Genau die Situation, die sich die Hacker von ihren Attacken mittels einer Software namens „Ransomware“erhoffen. 1500 Euro Lösegeld in der Internetwährung „Bitcoins“forderten die unbekannten Eindringlinge, höhnisch verpackt zwischen „Guten Morgen“und „Einen schönen Tag noch“. Brandstätter zahlte, notgedrungen. „Das Haus war mit 180 Gästen total ausgebucht, wir hatten keine andere Chance“, erklärte er dem Österreichischen Rundfunk. Weder Polizei noch Versicherung könnten in einem solchen Fall helfen. „Die Wiederherstellung unseres Systems nach der ersten Attacke im Sommer hat uns mehrere Tausend Euro gekostet. Von der Versicherung bekamen wir bis heute kein Geld, da kein Täter ausgeforscht werden konnte.“Die Konsequenzen sind klar für ihn: „zurück zum techniklosen Zeitalter“, zu echten Schlüsseln, wie zu Zeiten des Urgroßvaters. „Der sicherste Weg, nicht gehackt zu werden, ist offline zu sein und Schlüssel zu benutzen.“
Brandstädter ist in die Öffentlichkeit gegangen, um die Wachsamkeit bei seinen Kollegen zu erhöhen und das Problembewusstein zu schärfen. Diese Herangehensweise ist durchaus nicht alltäglich. Viele Unternehmen sehen in der Preisgabe der eigenen Verwundbarkeit eine Rufschädigung und halten sich mit Informationen über kriminelle Attacken lieber zurück. Auch der Hotelverband Deutschland (IHA) hielt sich auf Anfrage der „Schwäbischen Zeitung“sehr bedeckt und flüchtete sich in Allgemeinplätze. Zahlen lägen keine vor, hieß es im Übrigen.
Der Kampf um die IT-Sicherheit
Dass es sich um ein Problem gewaltigen Ausmaßes handelt, zeigen die 2016 bekannt gewordenen Angriffe auf den Bundestag und die Telekom. Nicht umsonst wurde schon 1991 das Bundesamt für Sicherheit in der Informationstechnik, kurz BSI, gegründet. Inzwischen 600 Mitarbeiterinnen und Mitarbeiter bemühen sich, deutsche Informationstechnik vor kriminellen Attacken zu schützen.
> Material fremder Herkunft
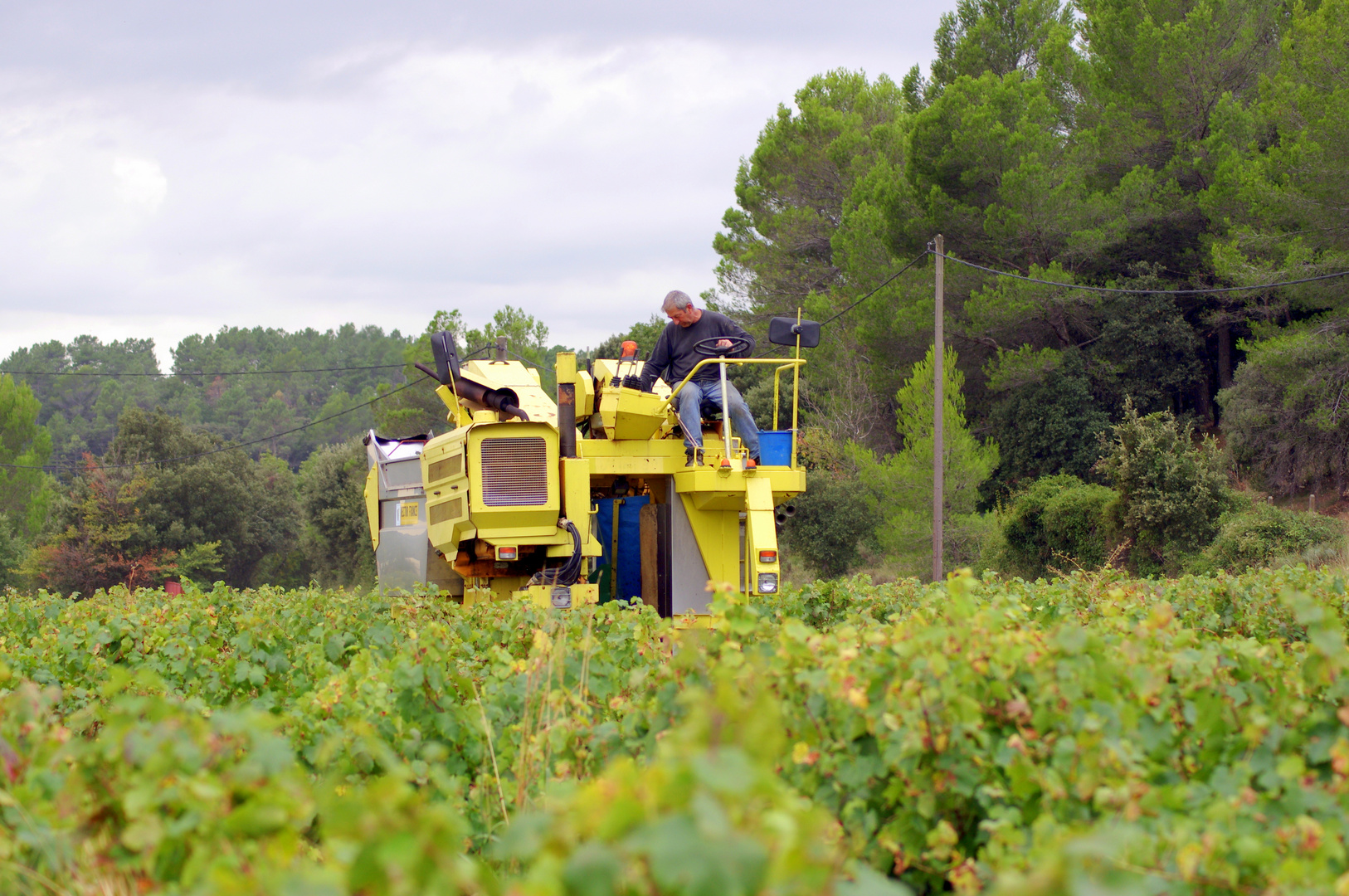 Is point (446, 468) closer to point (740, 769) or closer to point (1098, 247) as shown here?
point (740, 769)

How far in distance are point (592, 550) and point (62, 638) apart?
3.86 m

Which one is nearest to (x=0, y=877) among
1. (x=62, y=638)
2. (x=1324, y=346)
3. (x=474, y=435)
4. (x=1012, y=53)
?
(x=62, y=638)


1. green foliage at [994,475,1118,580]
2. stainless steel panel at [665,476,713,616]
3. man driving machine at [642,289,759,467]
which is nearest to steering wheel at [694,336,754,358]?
man driving machine at [642,289,759,467]

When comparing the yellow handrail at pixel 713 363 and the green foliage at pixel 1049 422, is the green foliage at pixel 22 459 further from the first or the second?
the yellow handrail at pixel 713 363

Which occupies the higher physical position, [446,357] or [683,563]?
[446,357]

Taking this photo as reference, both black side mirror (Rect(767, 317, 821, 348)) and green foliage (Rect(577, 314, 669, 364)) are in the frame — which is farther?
green foliage (Rect(577, 314, 669, 364))

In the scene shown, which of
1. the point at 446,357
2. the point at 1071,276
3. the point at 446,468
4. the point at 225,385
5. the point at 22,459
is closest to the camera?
the point at 446,468

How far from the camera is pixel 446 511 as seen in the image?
9.33 metres

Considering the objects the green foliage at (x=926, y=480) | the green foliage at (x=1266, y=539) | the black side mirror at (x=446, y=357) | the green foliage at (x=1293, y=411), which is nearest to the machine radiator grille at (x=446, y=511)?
the black side mirror at (x=446, y=357)

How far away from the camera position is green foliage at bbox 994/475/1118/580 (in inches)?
907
Im 68-seitigen Lagebericht zur ITSicherheit 2016 informiert das BSI über eine eklatante Zunahme der Angriffe, während klassische bisherige Abwehrmaßnahmen gleichzeitig weiter an Wirksamkeit verlören. „Die Zahl bekannter Schadprogrammvarianten ist 2016 weiter gestiegen und lag im August 2016 bei mehr als 560 Millionen“, heißt es im Vorwort von Bundesinnenminister Thomas de Maizière. „Vor allem die Bedrohung durch sogenannte Ransomware hat sich in Deutschland seit Ende 2015 deutlich verschärft.“De Maizière erwähnt Angriffe mit Lösegeldforderung auf IT-Systeme von Krankenhäusern, Unternehmen oder der Verwaltung.
In den USA kommt das Ausmaß der Ransomware-Attacken schon einer Pandemie gleich. 2016 haben sie sich nach Angaben des Justizministeriums vervierfacht, auf durchschnittliche 4000 pro Tag. Während die Hacker 2015 noch einen Schaden von 24 Millionen US-Dollar anrichteten, waren es dem FBI zufolge in den ersten drei Monaten 2016 schon 209 Millionen. Willkommen in der spannenden Welt des Internets.